MongoDB Schema
EchoStats uses MongoDB as its primary data store. This page documents every collection, its fields, indexes, and relationships.
Collection Overview
| Collection | Purpose |
|---|---|
users | User accounts linked to Spotify |
spotify_tokens | Encrypted OAuth tokens per user |
listening_history | Individual track play events |
tracks | Spotify track metadata and audio features |
artists | Spotify artist metadata |
albums | Spotify album metadata |
playlists | Synced Spotify playlists with embedded tracks |
daily_rollups | Pre-aggregated daily listening statistics |
analytics_snapshots | Pre-computed analytics for time periods |
sync_jobs | Background job tracking with step-by-step progress |
api_logs | External API call logs for monitoring |
User├── 1:1 → SpotifyTokens├── 1:N → ListeningHistory → Track → Album│ → Artist├── 1:N → Playlist (tracks embedded)├── 1:N → DailyRollup├── 1:N → AnalyticsSnapshot├── 1:N → SyncJob└── 1:N → ApiLogusers
Stores EchoStats user accounts, each linked to a Spotify profile.
| Field | Type | Default | Description |
|---|---|---|---|
_id | ObjectId | auto | Primary key |
spotify_id | string | required | Spotify user ID |
display_name | string | "" | User display name |
image_url | string | "" | Profile image URL |
country | string | "" | ISO country code |
product | string | "" | Spotify subscription (premium, free) |
created_at | datetime | utcnow() | Account creation timestamp |
last_synced_at | datetime | null | null | Last successful data sync |
Indexes:
| Fields | Type | Notes |
|---|---|---|
spotify_id | unique | User lookup by Spotify ID |
Example document:
{ "_id": "682a3b1f2e4a5c6d7e8f9012", "spotify_id": "atul123", "display_name": "Atul", "image_url": "https://i.scdn.co/image/ab67...", "country": "US", "product": "premium", "created_at": "2025-01-01T00:00:00Z", "last_synced_at": "2025-01-15T14:00:00Z"}spotify_tokens
Stores encrypted Spotify OAuth refresh tokens. One document per user.

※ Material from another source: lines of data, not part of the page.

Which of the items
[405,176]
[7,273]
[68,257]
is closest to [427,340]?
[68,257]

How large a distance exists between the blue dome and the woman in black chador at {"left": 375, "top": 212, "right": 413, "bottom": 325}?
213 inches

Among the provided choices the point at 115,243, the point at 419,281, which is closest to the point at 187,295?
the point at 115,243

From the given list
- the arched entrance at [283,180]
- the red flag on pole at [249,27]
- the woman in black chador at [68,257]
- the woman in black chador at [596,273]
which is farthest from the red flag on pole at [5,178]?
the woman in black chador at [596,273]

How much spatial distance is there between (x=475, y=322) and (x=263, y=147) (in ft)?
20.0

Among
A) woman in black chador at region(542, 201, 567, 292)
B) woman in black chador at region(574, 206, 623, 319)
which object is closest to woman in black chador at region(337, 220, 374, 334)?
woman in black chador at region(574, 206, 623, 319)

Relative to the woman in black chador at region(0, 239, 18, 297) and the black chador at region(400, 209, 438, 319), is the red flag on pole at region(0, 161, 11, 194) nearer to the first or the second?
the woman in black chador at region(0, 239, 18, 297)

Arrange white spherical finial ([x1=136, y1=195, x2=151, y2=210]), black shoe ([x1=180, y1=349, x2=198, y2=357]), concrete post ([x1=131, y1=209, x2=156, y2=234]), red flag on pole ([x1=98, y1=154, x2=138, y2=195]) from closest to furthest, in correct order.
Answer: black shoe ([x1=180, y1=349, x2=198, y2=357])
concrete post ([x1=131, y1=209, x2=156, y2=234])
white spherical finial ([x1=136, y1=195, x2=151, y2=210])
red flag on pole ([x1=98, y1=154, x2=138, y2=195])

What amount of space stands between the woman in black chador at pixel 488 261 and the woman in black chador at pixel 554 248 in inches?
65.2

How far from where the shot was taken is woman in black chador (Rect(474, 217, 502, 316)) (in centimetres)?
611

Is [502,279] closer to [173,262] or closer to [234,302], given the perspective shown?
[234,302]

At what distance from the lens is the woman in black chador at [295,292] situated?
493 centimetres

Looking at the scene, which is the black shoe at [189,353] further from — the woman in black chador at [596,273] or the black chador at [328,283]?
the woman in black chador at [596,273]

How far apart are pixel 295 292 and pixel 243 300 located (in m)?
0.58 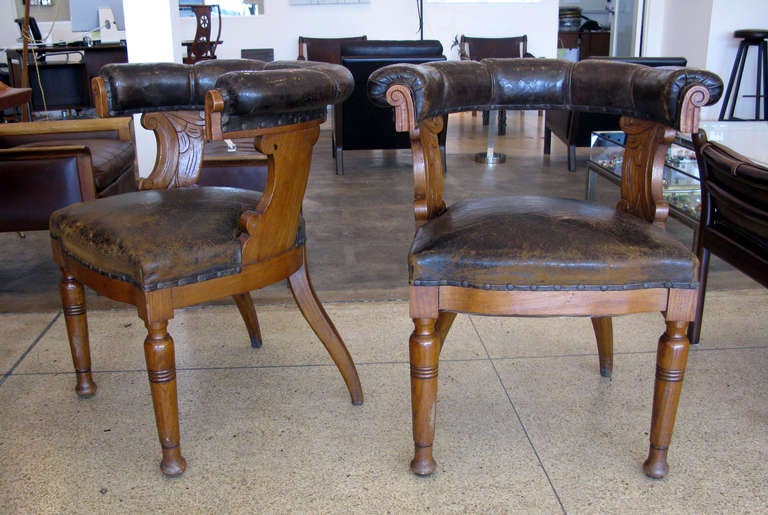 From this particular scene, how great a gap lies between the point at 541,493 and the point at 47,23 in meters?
10.9

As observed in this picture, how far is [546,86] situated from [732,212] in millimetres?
585

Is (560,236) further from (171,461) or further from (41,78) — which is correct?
(41,78)

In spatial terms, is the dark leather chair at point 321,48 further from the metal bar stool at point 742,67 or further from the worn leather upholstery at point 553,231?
the worn leather upholstery at point 553,231

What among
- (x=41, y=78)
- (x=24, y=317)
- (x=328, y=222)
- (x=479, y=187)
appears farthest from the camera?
(x=41, y=78)

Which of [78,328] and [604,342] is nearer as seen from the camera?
[78,328]

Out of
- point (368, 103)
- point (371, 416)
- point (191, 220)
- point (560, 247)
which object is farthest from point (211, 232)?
point (368, 103)

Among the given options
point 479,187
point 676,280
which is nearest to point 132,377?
point 676,280

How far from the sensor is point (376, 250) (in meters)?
3.20

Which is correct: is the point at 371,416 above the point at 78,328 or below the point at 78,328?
below

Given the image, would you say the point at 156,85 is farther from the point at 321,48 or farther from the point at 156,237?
the point at 321,48

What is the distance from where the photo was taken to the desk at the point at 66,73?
744cm

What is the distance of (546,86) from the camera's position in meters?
1.81

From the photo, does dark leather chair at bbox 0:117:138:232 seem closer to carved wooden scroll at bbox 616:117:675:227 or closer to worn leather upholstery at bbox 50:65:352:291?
worn leather upholstery at bbox 50:65:352:291

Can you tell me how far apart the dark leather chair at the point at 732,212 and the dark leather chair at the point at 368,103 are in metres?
3.00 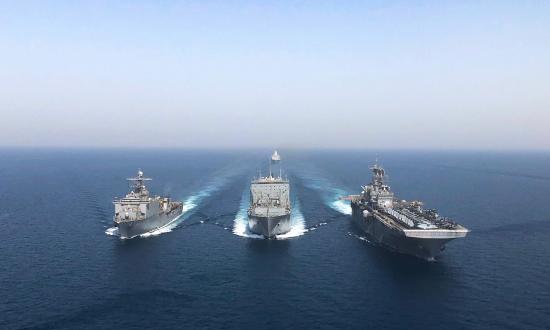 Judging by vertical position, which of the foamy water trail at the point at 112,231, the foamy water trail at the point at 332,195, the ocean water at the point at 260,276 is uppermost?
the foamy water trail at the point at 332,195

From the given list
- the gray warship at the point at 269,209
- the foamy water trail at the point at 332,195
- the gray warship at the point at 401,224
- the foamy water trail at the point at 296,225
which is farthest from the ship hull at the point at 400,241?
the foamy water trail at the point at 332,195

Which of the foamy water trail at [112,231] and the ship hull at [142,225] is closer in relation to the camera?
the ship hull at [142,225]

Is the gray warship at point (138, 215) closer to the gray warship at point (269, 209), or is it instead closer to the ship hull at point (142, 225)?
the ship hull at point (142, 225)

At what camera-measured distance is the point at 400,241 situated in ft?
296

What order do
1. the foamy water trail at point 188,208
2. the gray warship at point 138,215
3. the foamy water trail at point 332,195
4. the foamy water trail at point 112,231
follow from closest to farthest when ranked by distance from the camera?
the gray warship at point 138,215 → the foamy water trail at point 112,231 → the foamy water trail at point 188,208 → the foamy water trail at point 332,195

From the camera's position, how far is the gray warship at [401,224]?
82.5m

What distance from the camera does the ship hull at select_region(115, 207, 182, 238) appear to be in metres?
102

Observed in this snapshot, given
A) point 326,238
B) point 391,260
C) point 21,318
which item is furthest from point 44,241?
point 391,260

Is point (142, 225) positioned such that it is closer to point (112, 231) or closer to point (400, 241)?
point (112, 231)

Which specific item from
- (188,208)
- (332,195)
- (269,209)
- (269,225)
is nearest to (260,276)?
(269,225)

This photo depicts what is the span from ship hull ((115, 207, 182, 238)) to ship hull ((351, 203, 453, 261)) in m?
57.9

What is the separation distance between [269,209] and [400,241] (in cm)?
3390

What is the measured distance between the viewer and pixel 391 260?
3415 inches

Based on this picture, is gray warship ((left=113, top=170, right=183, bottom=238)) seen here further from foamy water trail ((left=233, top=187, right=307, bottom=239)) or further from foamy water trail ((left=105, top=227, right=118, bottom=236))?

| Field | Type | Default | Description |
|---|---|---|---|
_id | ObjectId | auto | Primary key |
user_id | string | required | Reference to users._id |
refresh_token_encrypted | string | required | AES-256 encrypted refresh token |
expires_at | datetime | required | Token expiration time |
scope | string | "" | OAuth scopes granted |
Indexes:
| Fields | Type | Notes |
|---|---|---|
user_id | simple | Token lookup by user |
Example document:
{ "_id": "682a3b1f2e4a5c6d7e8f9013", "user_id": "682a3b1f2e4a5c6d7e8f9012", "refresh_token_encrypted": "gAAAAABl...", "expires_at": "2025-01-15T15:00:00Z", "scope": "user-read-recently-played user-read-playback-state user-library-read"}listening_history
Records individual track play events. Each document represents one play of one track by one user.
| Field | Type | Default | Description |
|---|---|---|---|
_id | ObjectId | auto | Primary key |
user_id | string | required | Reference to users._id |
track | embedded object | required | Track snapshot (see below) |
played_at | datetime | required | When the track was played |
ms_played | int | null | null | Milliseconds listened (from imports) |
source | string | "api" | Data source: api or import |
context_type | string | "" | Playback context: playlist, album, artist |
context_uri | string | "" | Spotify context URI |
Embedded track object:
| Field | Type | Description |
|---|---|---|
spotify_id | string | Spotify track ID |
name | string | Track name |
artist_name | string | Primary artist name |
album_name | string | Album name |
album_image_url | string | Album cover art URL |
duration_ms | int | Track duration in ms |
Indexes:
| Fields | Type | Notes |
|---|---|---|
user_id | simple | Filter by user |
played_at | simple | Time-range queries |
track.spotify_id | simple | Filter by track |
(user_id, played_at DESC) | compound | Paginated history queries |
(user_id, track.spotify_id, played_at) | compound unique | Prevents duplicate play events |
Example document:
{ "_id": "682a3b1f2e4a5c6d7e8f9014", "user_id": "682a3b1f2e4a5c6d7e8f9012", "track": { "spotify_id": "2kRFrWaLWifQkBFasAWgMo", "name": "Everything In Its Right Place", "artist_name": "Radiohead", "album_name": "Kid A", "album_image_url": "https://i.scdn.co/image/ab67...", "duration_ms": 250000 }, "played_at": "2025-01-15T14:32:00Z", "ms_played": 245000, "source": "api", "context_type": "album", "context_uri": "spotify:album:6GjwtEZcfenmof6l18N7T7"}tracks
Stores Spotify track metadata including audio features. Tracks are shared across users — one document per Spotify track ID.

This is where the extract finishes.